Onboarding
Data Sharing

Introduction

The figure below provides an overview of contributing data (data upload and data tagging). For more details, refer to each of the steps below.

1. Uploading data

First, make sure you know where your data should go. Most data have a pre-designated folder, and data are organized by assay and then the level of data. You can often create subfolders if you prefer further organization by batches.

Using the UI

The UI is only recommended for smaller numbers of files and files under ~100Mb in size. In the designated folder, go to to the Folder Tools menu to see upload options. General documentation for the UI can be found here (opens in a new tab).

Programmatic clients

This is suitable for larger and more numerous files and allows for more efficient and streamlined uploading. Three clients exist: the command line tool, Python script, or R. For all options refer to the documentation here (opens in a new tab).

Most typical workflow

The command-line workflow should be familiar to you if you are a bioinformatician/data engineer/data scientist. If you need help, please contact the DCC.

For the most typical and robust workflow, here are the steps with the Python command-line client:

  1. Install Python package from PyPI: https://pypi.org/project/synapseclient/ (opens in a new tab). This will also automatically install the command line utility. Test out that the command line utility is working by typing synapse help and feel free to review docs (opens in a new tab) for the Python CLI client.
  2. For large uploads, it is best to create an access token, if you haven't already through the earlier Account Setup guidance. Go to your Account profile > Account Settings > Personal Access Tokens > Create new token.
  3. For convenience, copy and paste the token into a .synapseConfig text file. This text file simply looks like:
[authentication]
authtoken = sometokenstringxxxxxxxxxxxxxxxxxx
  1. First, you need to create a list of files to transfer (called a manifest). The parent-id is the Synapse folder you are trying to upload files to.

synapse manifest --parent-id syn12345678 --manifest-file manifest.txt PATH_TO_DIR_WITH_FILES

At this step, if you are not a Certified User, the tool will output a message for this issue. Review and complete the Certified User portion of Account Setup before proceeding.

  1. Successful execution should create a manifest file manifest.txt for the tool to use. Now make sure that .synapseConfig is present locally to provide authentication. You can now do:

synapse sync manifest.txt

There are options for retries if you might have poor connection, e.g.

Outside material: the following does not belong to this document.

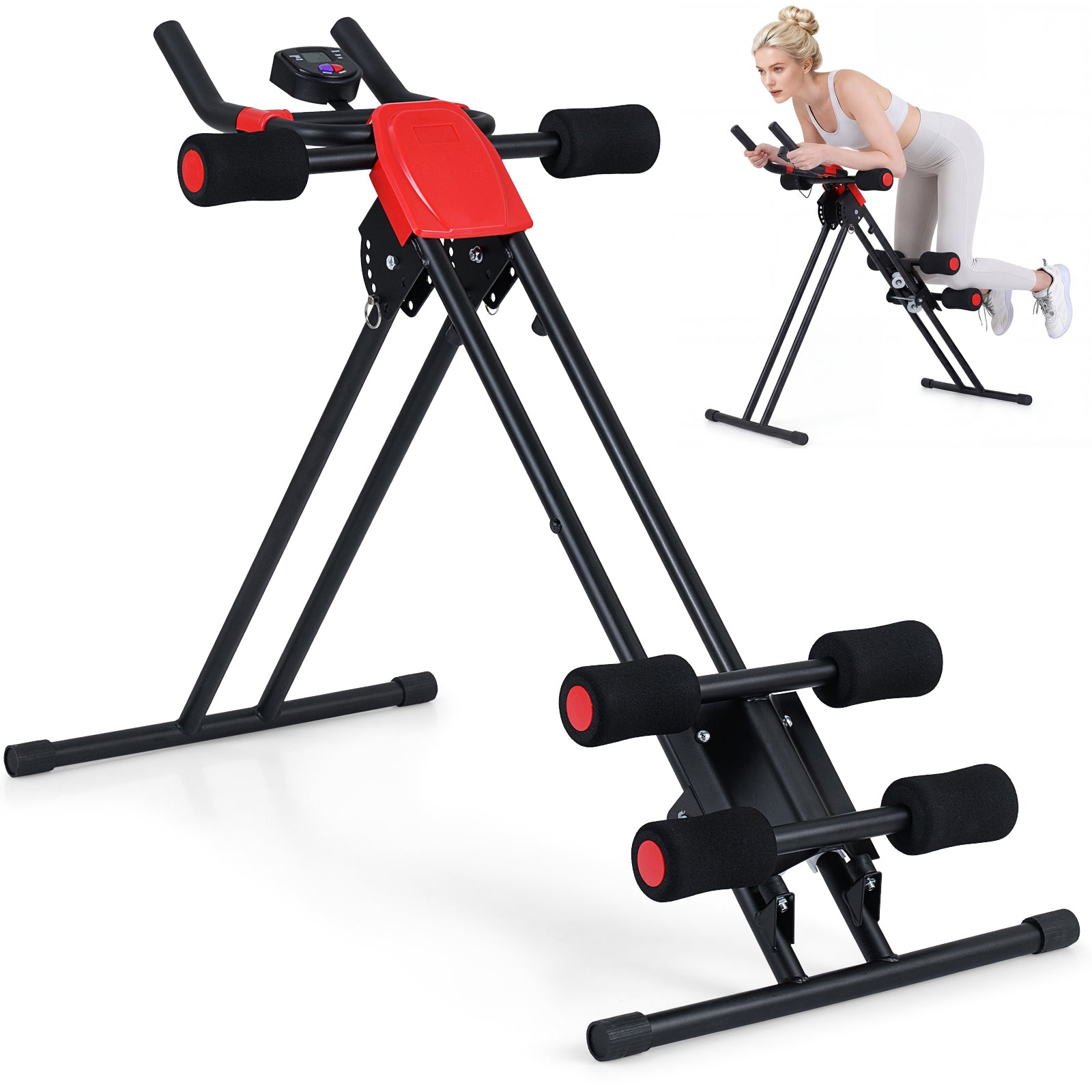 Foldable Abdominal Trainer, Adjustable Ab Machine, Black Benches Racks & Bars at Gallery Canada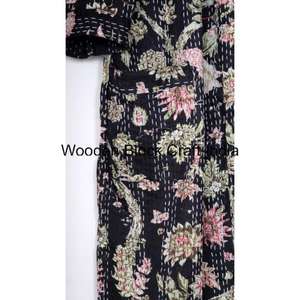 Veste matelassée d'hiver pour femme avec fermeture à ceinture, col en V, longueur longue, respirante, en coton biologique pur, réversible et écologique - Product Image 5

synapse sync --retries 3 manifest.txt

One-off uploads

For just a few files (but maybe still very large-size files) where you don't need to create a list of files, a more convenient command might be:

synapse store my_image.tiff --parentId syn12345678

Alternative methods

Under rare unique circumstances, the DCC can explore the following options:

  • Receiving data via physical hard drive
  • Utilizing Globus transfers (if really needed)
  • Transferring from a custom S3 bucket

3. Annotating data

Data Curator App

Once data has been uploaded, data annotation is done through Sage's Data Curator App (opens in a new tab). Note that the application is in beta, so if there is any issue with the below steps please contact the DCC.

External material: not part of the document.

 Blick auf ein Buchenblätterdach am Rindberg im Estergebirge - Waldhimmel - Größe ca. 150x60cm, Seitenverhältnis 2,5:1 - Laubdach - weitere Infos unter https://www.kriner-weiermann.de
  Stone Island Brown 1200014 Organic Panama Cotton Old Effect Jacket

  1. Go to the link above, and on the very first selection page select your DCC, Gray Foundation.
  2. Next select your Synapse project.
  3. Next there will be a flattened list of all folders. Select the folder where you've just uploaded data.
  4. Next, again, you'll see a selection where you can select the template type. This should be obvious in most cases.
  5. Click Download template and go through the steps of populating the template, validating it, and submitting it in the app.

Troubleshooting

Some common problems:

  • You cannot see your project or folder -- This is usually a permissions issue. Please contact us to get your account added.
  • You do not see a template that looks right -- Usually the right template should already exist. Contact us and we'll add the right template.
  • The app hangs or crashes -- Contact the DCC and we'll contact the tooling team for troubleshooting.
  • You have a validation issue -- Check the validation error messages, and if it is confusing or you disagree, please contact the DCC.

4. Data release

Once data has been uploaded and annotated, they can be reviewed for any issues, assigned a DOI (especially to use in a publication), and shared in other apps or made public. However, this does not usually happen right after data upload because of the embargo/holding period where it has to be confirmed that data can be moved to the next phase.

Bring data to cBioPortal, CELLxGENE, etc.

The DCC will coordinate on this manually once data is available in Synapse.

Adding a DOI

This can be done to include in a publication by you directly or with help from DCC.